EXERCISE DESCRIPTION = Below are records. Transcribe exactly the lines from the one that contains "Aurora Palm Pals" through the last line, leaving any pictures out.

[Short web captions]
* * * *

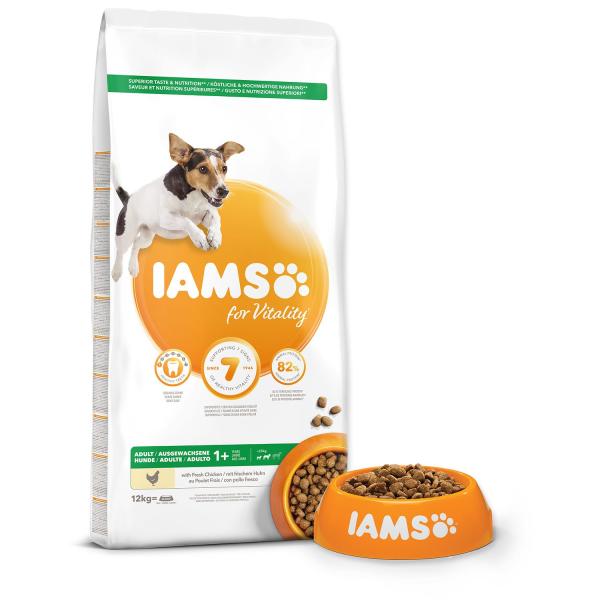 IAMS Dog Adult Small & Medium Chicken 12kg (obrázek 3)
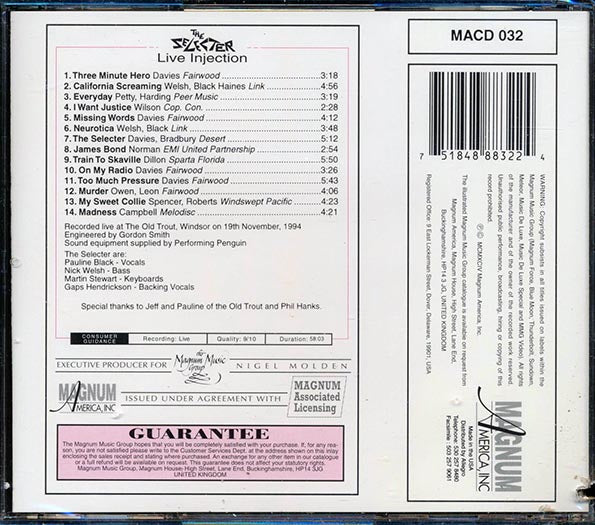 The Selecter - Live Injection (marked/ltd stock)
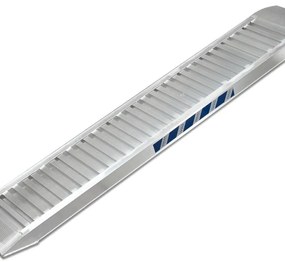 Rampa di salita in alluminio richiudibile L 150 x H 34.5 cm, portata max 1650 kg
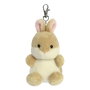 Aurora Palm Pals Llavero de Peluche Conejo Suave, Juguete de 10 cm
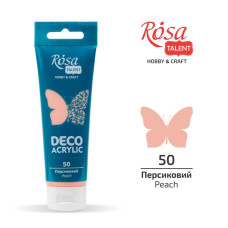АКРИЛ для декору "ROSA TALENT" /50/ Персиковий, матовий, 75 мл (1/4)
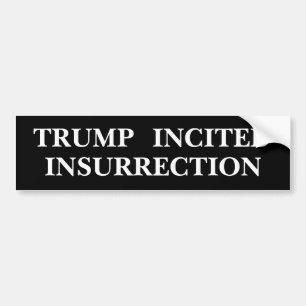 "Trump Incited Insurrection" Bumper Sticker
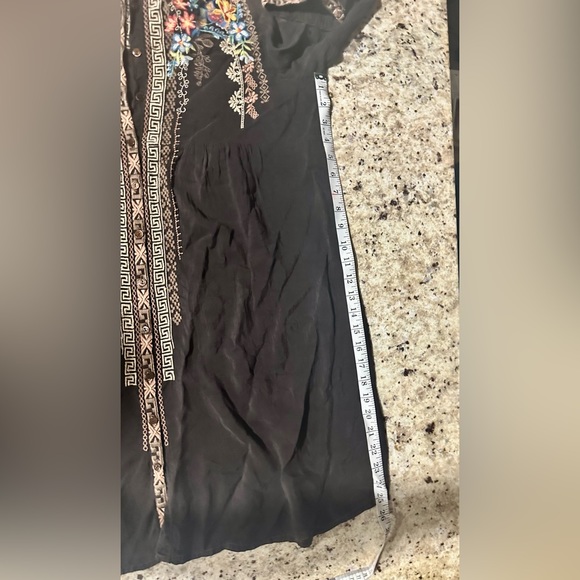 Johnny Was Dress Duster Cover up dark brown embroidered - Picture 11 of 16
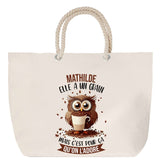 Sac Fête des Mères Mamie Famille Idée Cadeau anniversaire Noël Travail Boulot Métier Départ Retraite Collègue Femme cabas shopping plage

* * * *

EXERCISE ANSWER =
 Aurora Palm Pals Llavero de Peluche Conejo Suave, Juguete de 10 cm
АКРИЛ для декору "ROSA TALENT" /50/ Персиковий, матовий, 75 мл (1/4)
 "Trump Incited Insurrection" Bumper Sticker
 Johnny Was Dress Duster Cover up dark brown embroidered - Picture 11 of 16
 Sac Fête des Mères Mamie Famille Idée Cadeau anniversaire Noël Travail Boulot Métier Départ Retraite Collègue Femme cabas shopping plage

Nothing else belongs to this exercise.